Your output must consist solely of the lines from the one containing "lake view 3" through the end of the records, reproduced exactly.

_ _ _ _

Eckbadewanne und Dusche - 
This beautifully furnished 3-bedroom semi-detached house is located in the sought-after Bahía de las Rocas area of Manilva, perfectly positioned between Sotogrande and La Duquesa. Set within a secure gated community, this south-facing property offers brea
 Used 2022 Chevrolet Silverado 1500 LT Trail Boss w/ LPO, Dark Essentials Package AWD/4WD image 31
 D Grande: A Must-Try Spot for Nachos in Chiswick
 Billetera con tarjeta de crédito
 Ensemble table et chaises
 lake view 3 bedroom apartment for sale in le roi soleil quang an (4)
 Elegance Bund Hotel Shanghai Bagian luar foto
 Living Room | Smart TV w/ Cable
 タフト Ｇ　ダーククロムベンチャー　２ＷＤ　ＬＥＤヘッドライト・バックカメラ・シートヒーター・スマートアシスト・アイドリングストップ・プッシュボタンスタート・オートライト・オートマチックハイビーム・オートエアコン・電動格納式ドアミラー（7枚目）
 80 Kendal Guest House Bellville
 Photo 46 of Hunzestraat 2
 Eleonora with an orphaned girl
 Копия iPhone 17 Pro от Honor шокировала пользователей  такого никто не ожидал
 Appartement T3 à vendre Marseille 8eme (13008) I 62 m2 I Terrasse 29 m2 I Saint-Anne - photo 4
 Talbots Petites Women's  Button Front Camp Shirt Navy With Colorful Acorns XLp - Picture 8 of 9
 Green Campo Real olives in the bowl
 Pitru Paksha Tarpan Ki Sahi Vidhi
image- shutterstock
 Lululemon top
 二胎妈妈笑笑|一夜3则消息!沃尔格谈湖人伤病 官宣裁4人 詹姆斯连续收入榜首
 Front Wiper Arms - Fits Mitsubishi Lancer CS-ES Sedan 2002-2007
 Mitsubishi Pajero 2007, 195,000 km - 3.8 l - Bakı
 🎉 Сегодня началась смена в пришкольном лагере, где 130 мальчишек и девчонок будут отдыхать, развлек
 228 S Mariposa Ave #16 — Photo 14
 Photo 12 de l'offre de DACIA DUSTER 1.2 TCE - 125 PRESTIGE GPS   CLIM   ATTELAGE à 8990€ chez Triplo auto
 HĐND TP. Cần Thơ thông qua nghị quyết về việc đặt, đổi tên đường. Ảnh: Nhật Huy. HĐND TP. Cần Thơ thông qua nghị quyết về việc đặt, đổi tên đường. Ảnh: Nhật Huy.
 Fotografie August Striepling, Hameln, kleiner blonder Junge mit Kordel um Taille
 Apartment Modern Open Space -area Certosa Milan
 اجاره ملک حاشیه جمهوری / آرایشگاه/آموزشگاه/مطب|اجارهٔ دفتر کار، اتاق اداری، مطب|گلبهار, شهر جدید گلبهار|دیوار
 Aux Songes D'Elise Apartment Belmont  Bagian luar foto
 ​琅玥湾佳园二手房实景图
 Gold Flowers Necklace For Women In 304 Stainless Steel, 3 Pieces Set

_ _ _ _

* **TASK SOLUTION**:
 lake view 3 bedroom apartment for sale in le roi soleil quang an (4)
 Elegance Bund Hotel Shanghai Bagian luar foto
 Living Room | Smart TV w/ Cable
 タフト Ｇ　ダーククロムベンチャー　２ＷＤ　ＬＥＤヘッドライト・バックカメラ・シートヒーター・スマートアシスト・アイドリングストップ・プッシュボタンスタート・オートライト・オートマチックハイビーム・オートエアコン・電動格納式ドアミラー（7枚目）
 80 Kendal Guest House Bellville
 Photo 46 of Hunzestraat 2
 Eleonora with an orphaned girl
 Копия iPhone 17 Pro от Honor шокировала пользователей  такого никто не ожидал
 Appartement T3 à vendre Marseille 8eme (13008) I 62 m2 I Terrasse 29 m2 I Saint-Anne - photo 4
 Talbots Petites Women's  Button Front Camp Shirt Navy With Colorful Acorns XLp - Picture 8 of 9
 Green Campo Real olives in the bowl
 Pitru Paksha Tarpan Ki Sahi Vidhi
image- shutterstock
 Lululemon top
 二胎妈妈笑笑|一夜3则消息!沃尔格谈湖人伤病 官宣裁4人 詹姆斯连续收入榜首
 Front Wiper Arms - Fits Mitsubishi Lancer CS-ES Sedan 2002-2007
 Mitsubishi Pajero 2007, 195,000 km - 3.8 l - Bakı
 🎉 Сегодня началась смена в пришкольном лагере, где 130 мальчишек и девчонок будут отдыхать, развлек
 228 S Mariposa Ave #16 — Photo 14
 Photo 12 de l'offre de DACIA DUSTER 1.2 TCE - 125 PRESTIGE GPS   CLIM   ATTELAGE à 8990€ chez Triplo auto
 HĐND TP. Cần Thơ thông qua nghị quyết về việc đặt, đổi tên đường. Ảnh: Nhật Huy. HĐND TP. Cần Thơ thông qua nghị quyết về việc đặt, đổi tên đường. Ảnh: Nhật Huy.
 Fotografie August Striepling, Hameln, kleiner blonder Junge mit Kordel um Taille
 Apartment Modern Open Space -area Certosa Milan
 اجاره ملک حاشیه جمهوری / آرایشگاه/آموزشگاه/مطب|اجارهٔ دفتر کار، اتاق اداری، مطب|گلبهار, شهر جدید گلبهار|دیوار
 Aux Songes D'Elise Apartment Belmont  Bagian luar foto
 ​琅玥湾佳园二手房实景图
 Gold Flowers Necklace For Women In 304 Stainless Steel, 3 Pieces Set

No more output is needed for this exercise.